The council was set up in 2014 by six of SA's platinum miners to boost metal demand.

One scenario mapped out by the council was for demand of 500,000oz of platinum if 20% of North American and 5% of European palladium use was switched to platinum, said council CE Paul Wilson. This could be about three years in the future, but autocatalyst makers hedged their metal supply three years into the future, he said.

The market deficit of supply against demand will enter a sixth consecutive year in 2018, deepening from a near balance of just 15,000oz short in 2017 to a deep 275,000oz.
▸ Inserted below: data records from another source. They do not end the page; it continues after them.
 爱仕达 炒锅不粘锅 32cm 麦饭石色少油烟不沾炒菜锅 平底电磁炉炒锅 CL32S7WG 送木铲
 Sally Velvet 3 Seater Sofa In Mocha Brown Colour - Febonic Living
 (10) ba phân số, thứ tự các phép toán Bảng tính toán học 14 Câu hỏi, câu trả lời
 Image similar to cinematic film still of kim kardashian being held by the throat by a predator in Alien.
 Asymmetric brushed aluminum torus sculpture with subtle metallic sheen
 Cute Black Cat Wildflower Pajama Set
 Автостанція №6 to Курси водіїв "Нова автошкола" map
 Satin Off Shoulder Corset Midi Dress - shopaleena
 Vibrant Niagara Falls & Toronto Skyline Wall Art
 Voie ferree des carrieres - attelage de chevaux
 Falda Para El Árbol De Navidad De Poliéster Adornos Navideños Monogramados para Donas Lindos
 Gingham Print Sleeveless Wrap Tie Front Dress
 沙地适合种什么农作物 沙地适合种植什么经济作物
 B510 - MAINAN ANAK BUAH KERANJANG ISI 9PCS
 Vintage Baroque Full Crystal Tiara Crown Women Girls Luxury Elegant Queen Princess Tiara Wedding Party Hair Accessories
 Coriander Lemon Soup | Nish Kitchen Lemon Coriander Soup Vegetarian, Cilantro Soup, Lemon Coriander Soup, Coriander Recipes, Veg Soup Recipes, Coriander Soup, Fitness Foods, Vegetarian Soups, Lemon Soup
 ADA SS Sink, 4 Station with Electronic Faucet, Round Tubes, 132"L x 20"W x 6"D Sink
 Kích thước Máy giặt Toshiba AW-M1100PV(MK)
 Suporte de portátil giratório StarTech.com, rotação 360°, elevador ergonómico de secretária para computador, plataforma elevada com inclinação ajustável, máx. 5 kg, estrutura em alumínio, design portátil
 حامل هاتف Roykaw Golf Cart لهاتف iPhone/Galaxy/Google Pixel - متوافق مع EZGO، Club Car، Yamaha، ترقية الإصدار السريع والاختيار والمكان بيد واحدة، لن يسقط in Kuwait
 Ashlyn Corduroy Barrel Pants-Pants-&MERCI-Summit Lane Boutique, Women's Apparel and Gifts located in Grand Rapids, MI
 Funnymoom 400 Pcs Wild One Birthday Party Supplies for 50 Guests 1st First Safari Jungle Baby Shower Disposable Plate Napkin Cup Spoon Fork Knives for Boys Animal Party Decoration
A big contributor to the decline is the steady drop in production from SA, the world's single largest source of refined platinum, to an estimated 4.15-million ounces in 2018, down from 4.465-million ounces in 2015 and a peak of 5.3-million ounces in 2006.

Northam CE Paul Dunne has said for a number of years that SA's production will drop below 4-million ounces because of continued underinvestment in new mines and the closure of old, high-cost operations.

The falls of 1.2-million ounces since 2006 is the equivalent of a large platinum mining firm in SA going out of business.

If autocatalytic demand for platinum did tick up, deepening the deficit and pushing up prices, something that has yet to be experienced despite year after year of deficits, the market would probably cannibalise the jewellery sector, which would have slowing demand because of increased prices, said Trevor Raymond, director of research.

The deficits have eroded the opaque above-ground stocks held in vaults rather than by industrial users.

These stocks were estimated to be 4.14-million ounces at the end of 2012, but were reduced as SA entered a five-month platinum mine strike in 2014, pushing the market into a chunky deficit of 745,000oz.

By 2018, these stocks would have fallen to 1.6-million ounces, leaving less metal to flow into the market and distort prices in the case of growing demand.

Recycled platinum from old autocatalysts, jewellery and industrial products is forecast to be 2% higher at 1.9-million ounces, not far off the 2.3- million ounces that Anglo American Platinum, the world's largest producer, generates.

Raymond noted the recycling of platinum had not grown at the 200,000oz a year level as was forecast a number of years ago.

Instead, the difficulties in extracting the metal from the silicon carbide compound used in autocatalysts was difficult and expensive. However, for a firm like Sibanye-Stillwater, which had a "bullet-proof" smelter in the US, this would not present a problem, as it would for smaller recyclers, he said.

The council, which publishes research done by metals consultancy SFA Oxford, showed platinum demand growing past the 8-million ounce level again in 2018, reaching an estimated 8.03-million ounce, an increase of 2% on the previous year.